(Short web captions)
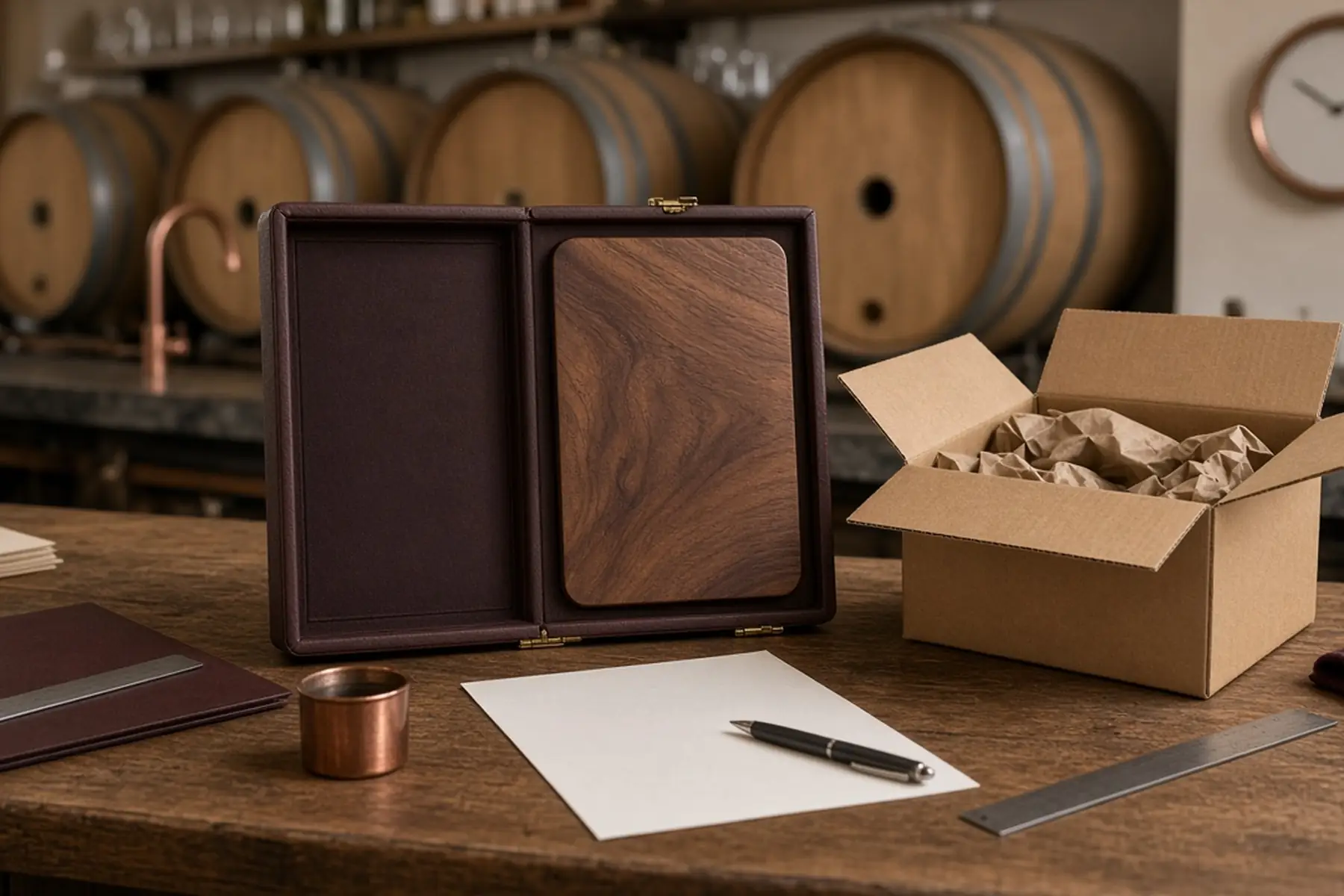Rush planning concept: a Tasting Room Sign, carton and checklist arranged around an arrival date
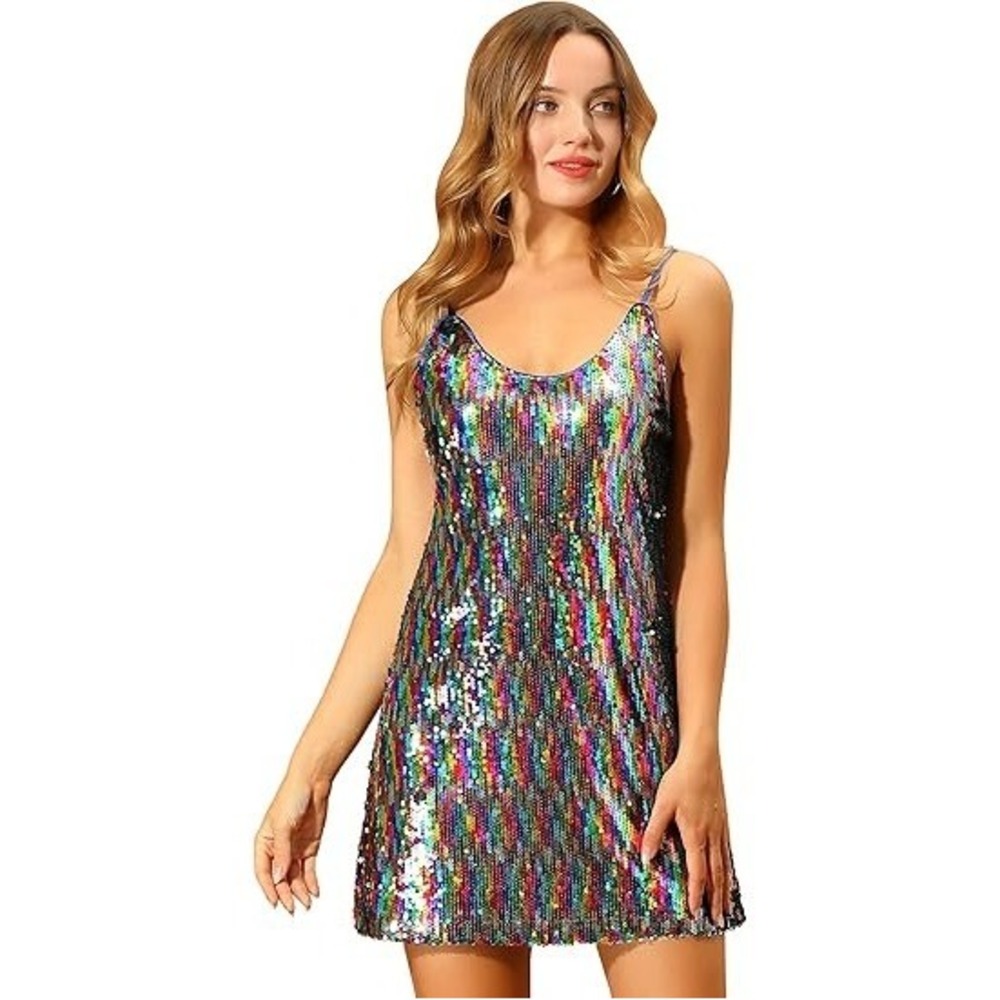 MSRP $49 Allegra K Women's M Glitter Sequin Mini Dress Spaghetti Strap V Neck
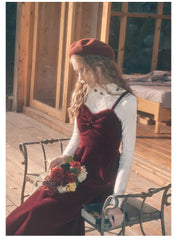 Vintage Örgü Üst ve Kırmızı Elbise Seti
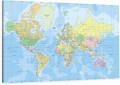  DUŻY OBRAZ polityczna mapa świata NA ŚCINAĘ DO BIURA SALONU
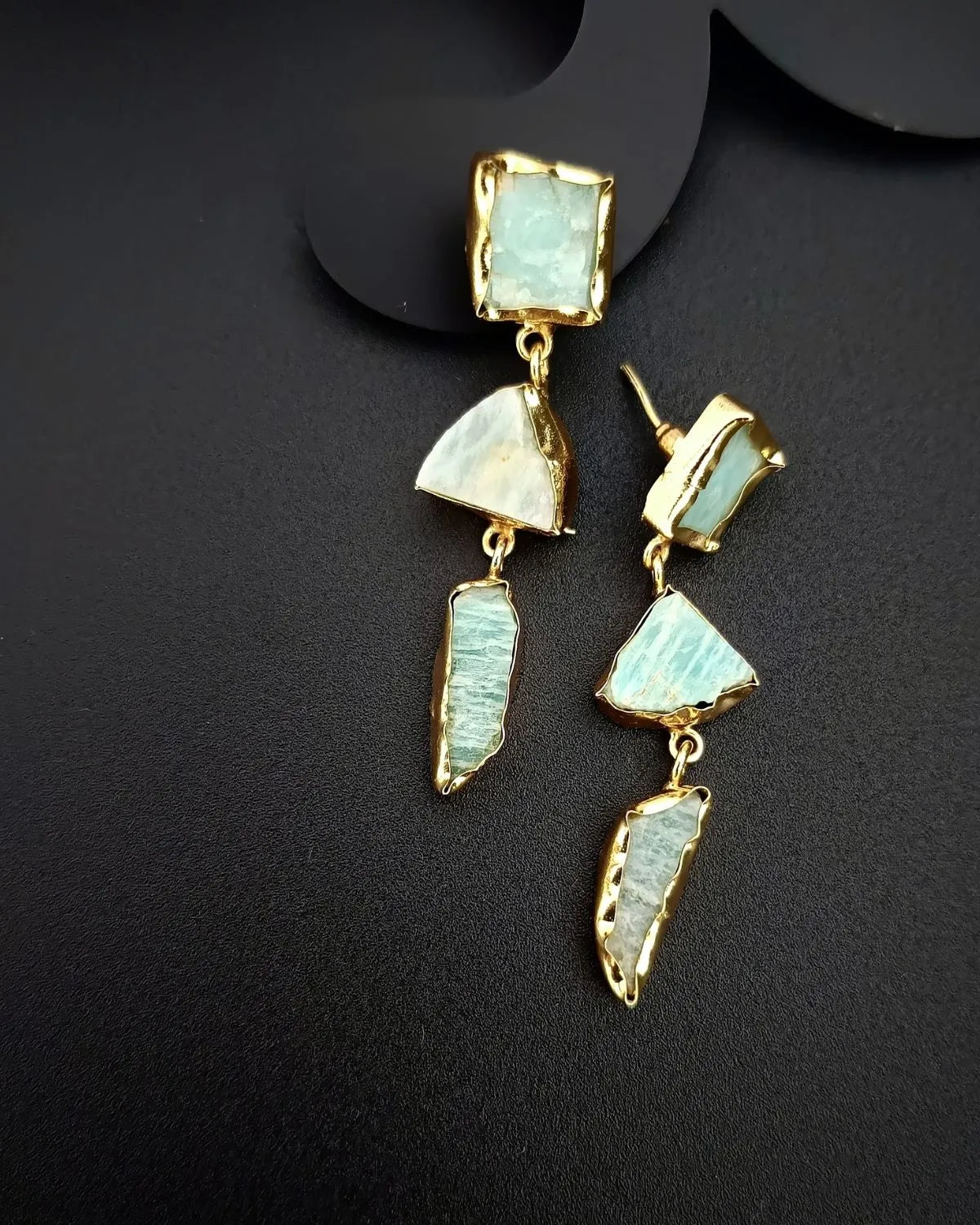 Lunar Veil - Raw Amazonite Uncut Stones Earrings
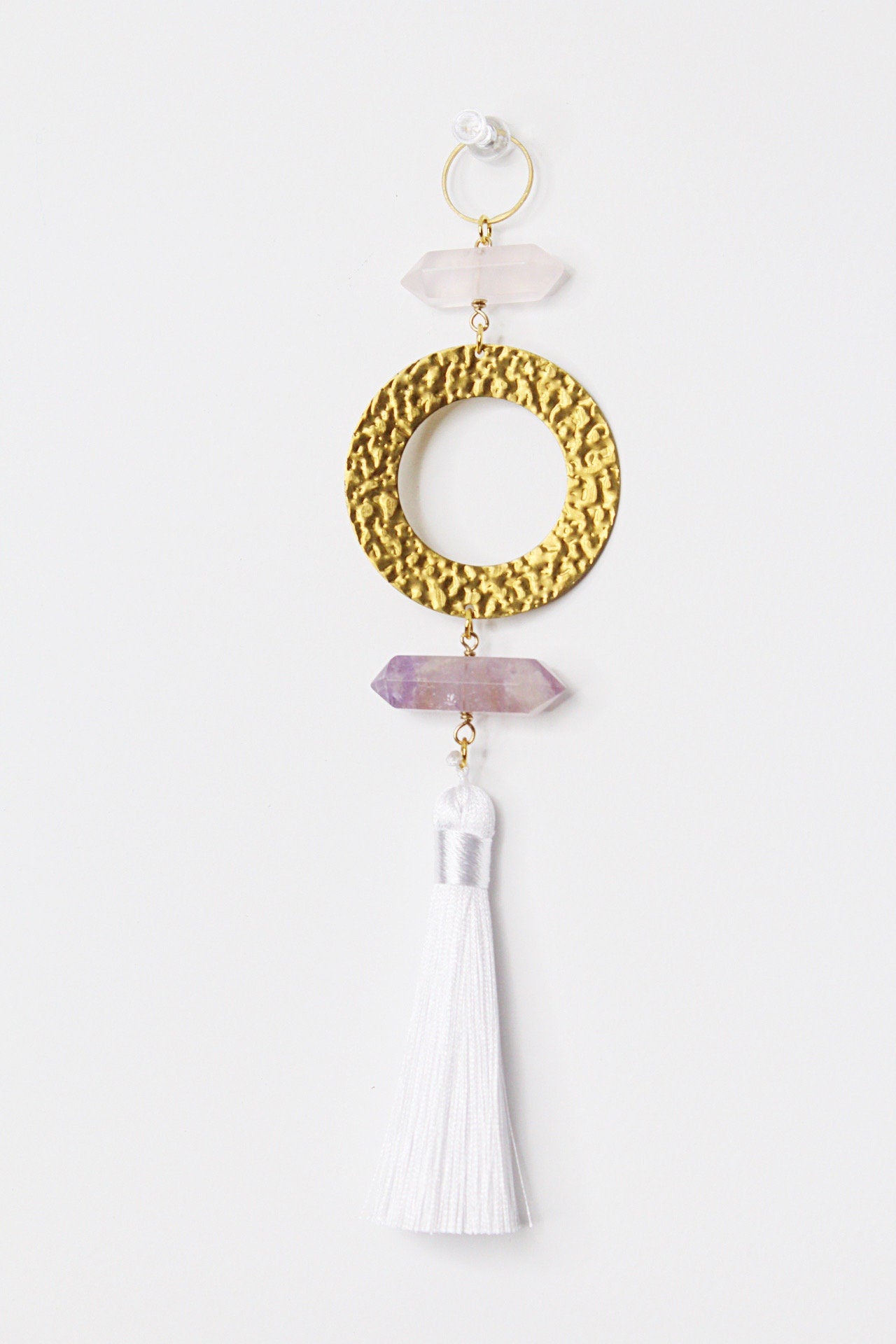 Natural Gemstone Sun Catcher Purple Pink Light Catcher Crystal Brass Moon Wall Hanging Art Rose Quartz Amethyst White Tassel Crystal Decor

Problem description: Take the entries shown above and quote them verbatim, passing over the pictures.

Final answer:
Rush planning concept: a Tasting Room Sign, carton and checklist arranged around an arrival date
 MSRP $49 Allegra K Women's M Glitter Sequin Mini Dress Spaghetti Strap V Neck
 Vintage Örgü Üst ve Kırmızı Elbise Seti
  DUŻY OBRAZ polityczna mapa świata NA ŚCINAĘ DO BIURA SALONU
 Lunar Veil - Raw Amazonite Uncut Stones Earrings
 Natural Gemstone Sun Catcher Purple Pink Light Catcher Crystal Brass Moon Wall Hanging Art Rose Quartz Amethyst White Tassel Crystal Decor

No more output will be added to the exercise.